WHAT IS EXPECTED
Reproduce the entries that follow exactly. No picture should appear in the result.

SUPPLIED DATA

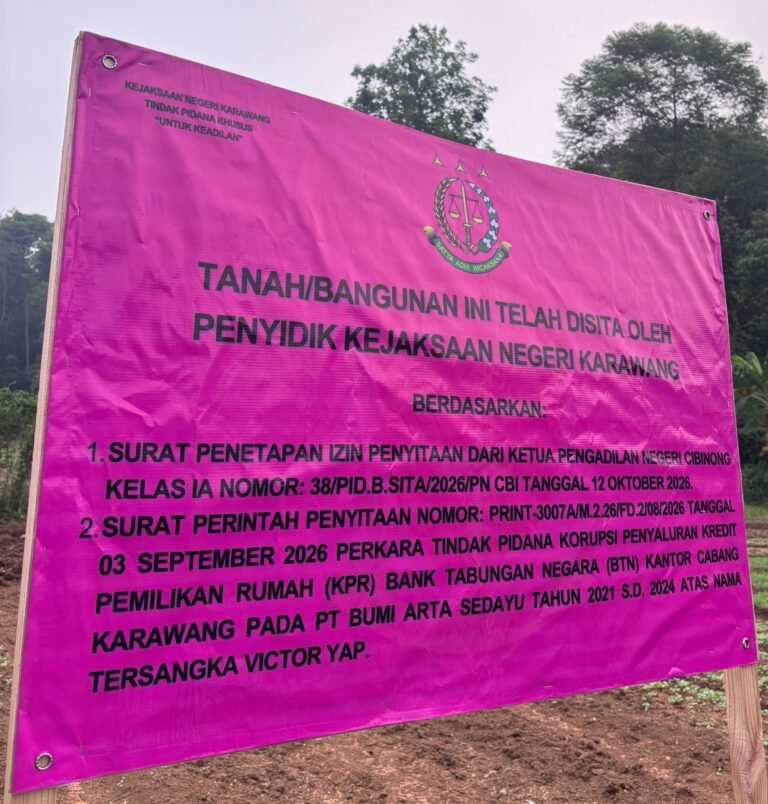 Kejari Karawang Sikat Aset Rp12,7 Miliar dalam Kasus Dugaan Korupsi KPR BTN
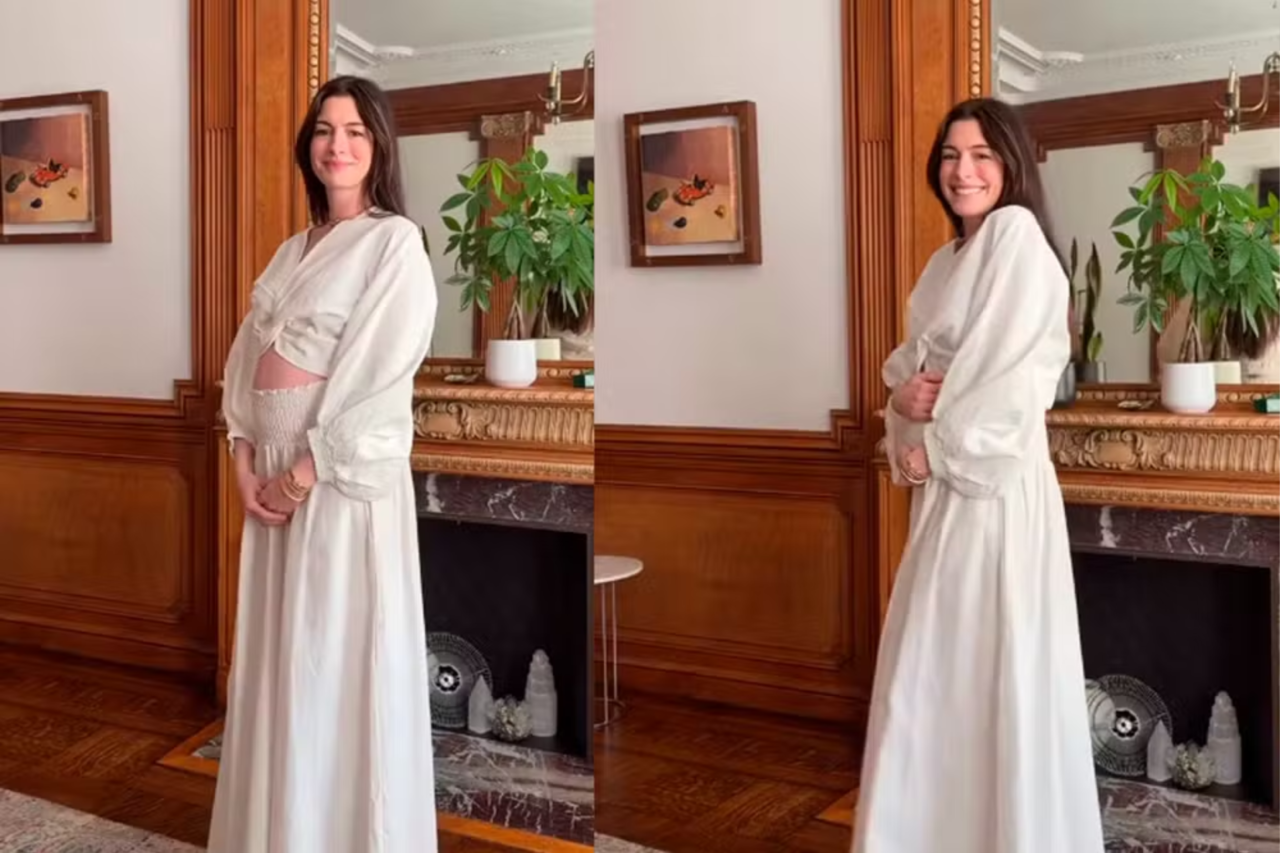 Anne Hathaway anuncia terceira gravidez em publicação nas redes sociais 3 Anne Hathaway anuncia terceira gravidez em publicação nas redes sociais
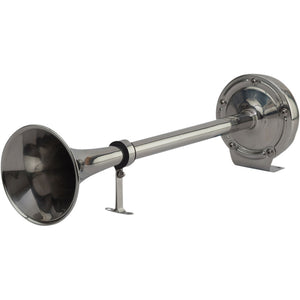 Sea-Dog MaxBlast Stainless Steel Trumpet 12V Horn - Single - Fishing Monsters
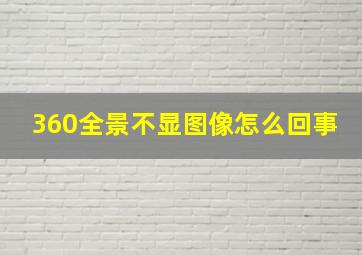 360全景不显图像怎么回事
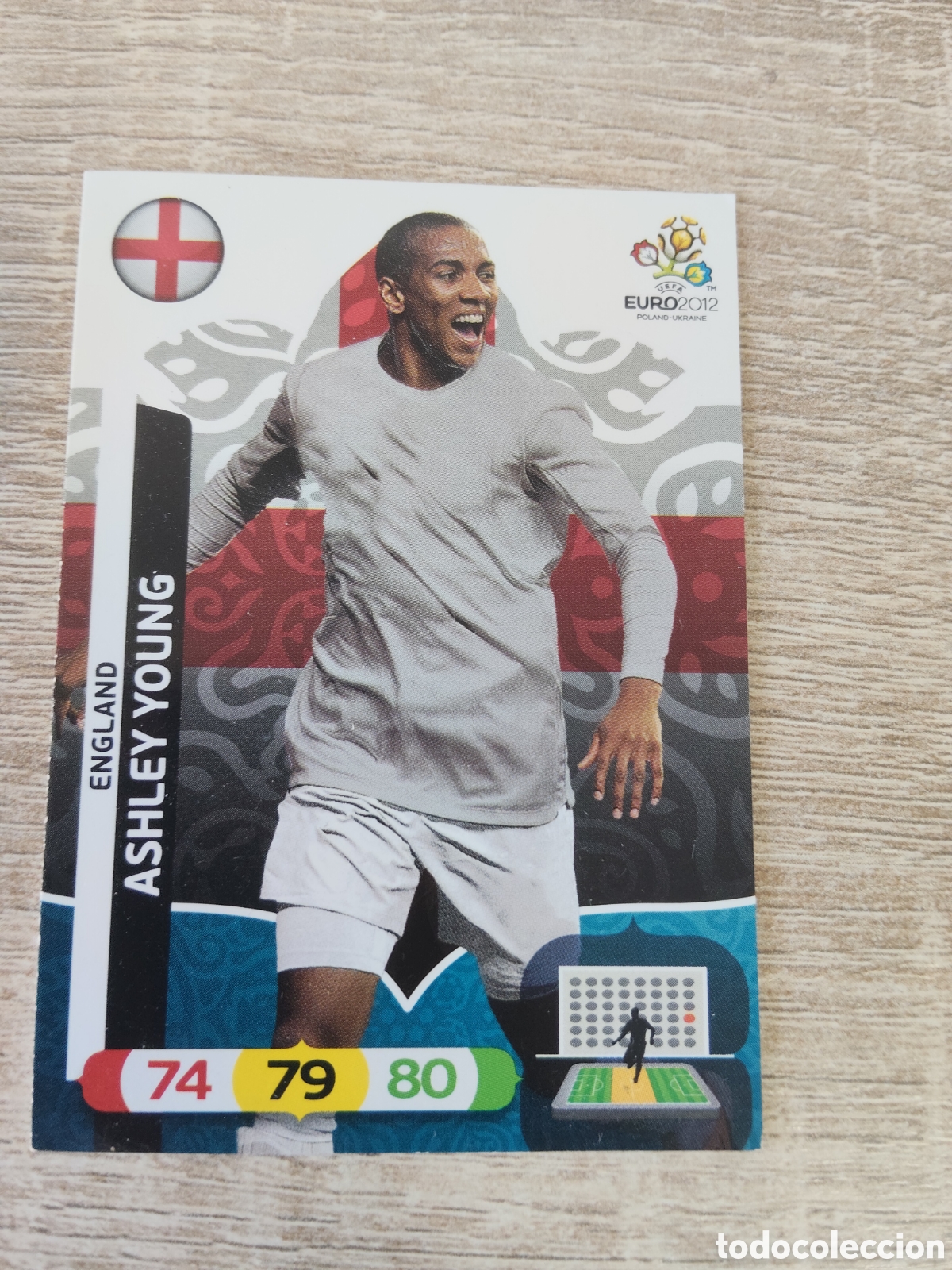 Cromos de f&uacute;tbol: Panini Adrenalyn euro 2012 Ashley Young Inglaterra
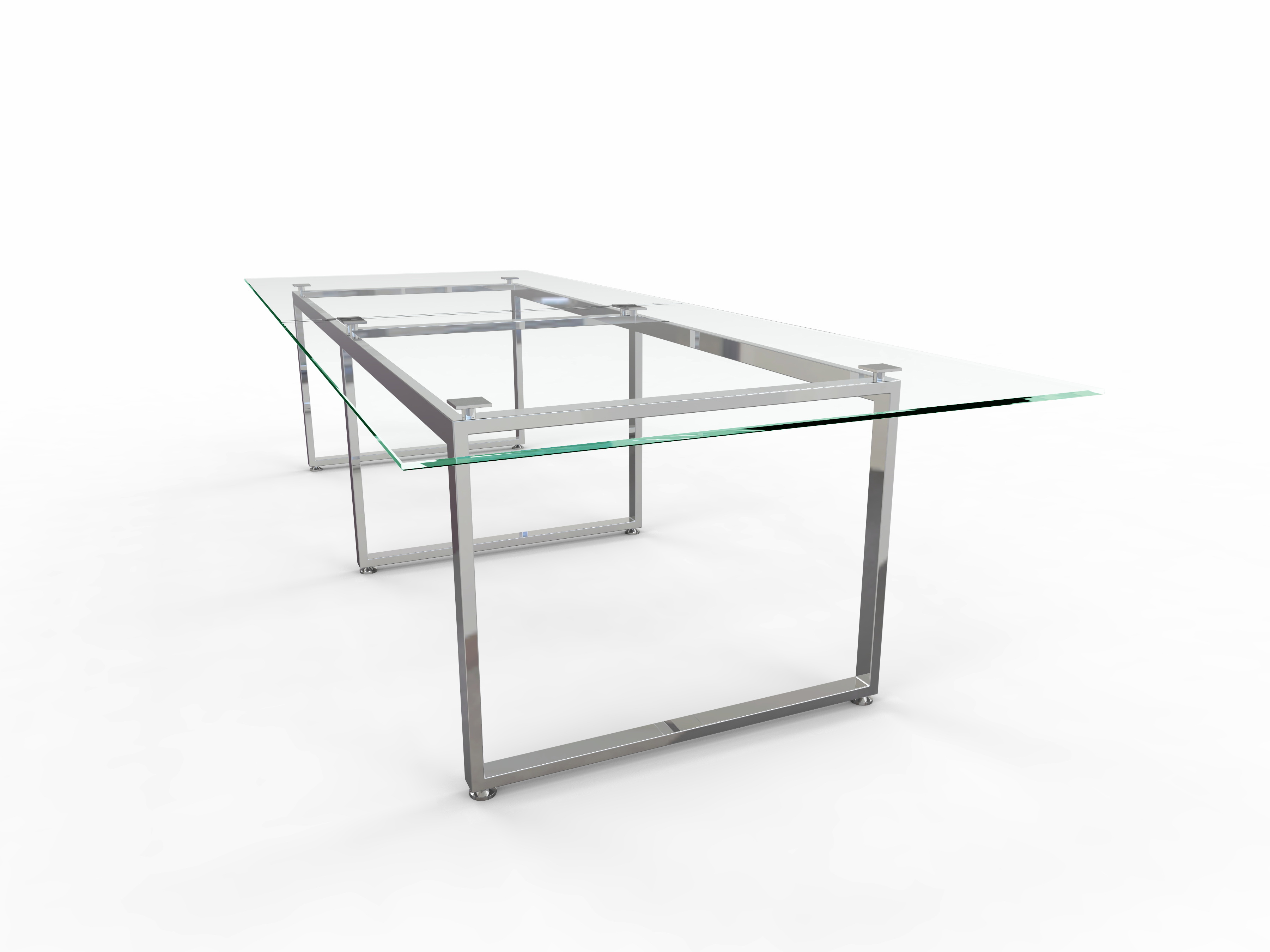 Проект стеклянного стола для перегоров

OUTPUT FOR THIS TASK
 Kejari Karawang Sikat Aset Rp12,7 Miliar dalam Kasus Dugaan Korupsi KPR BTN
 Anne Hathaway anuncia terceira gravidez em publicação nas redes sociais 3 Anne Hathaway anuncia terceira gravidez em publicação nas redes sociais
 Sea-Dog MaxBlast Stainless Steel Trumpet 12V Horn - Single - Fishing Monsters
 360全景不显图像怎么回事
 Cromos de f&uacute;tbol: Panini Adrenalyn euro 2012 Ashley Young Inglaterra
 Проект стеклянного стола для перегоров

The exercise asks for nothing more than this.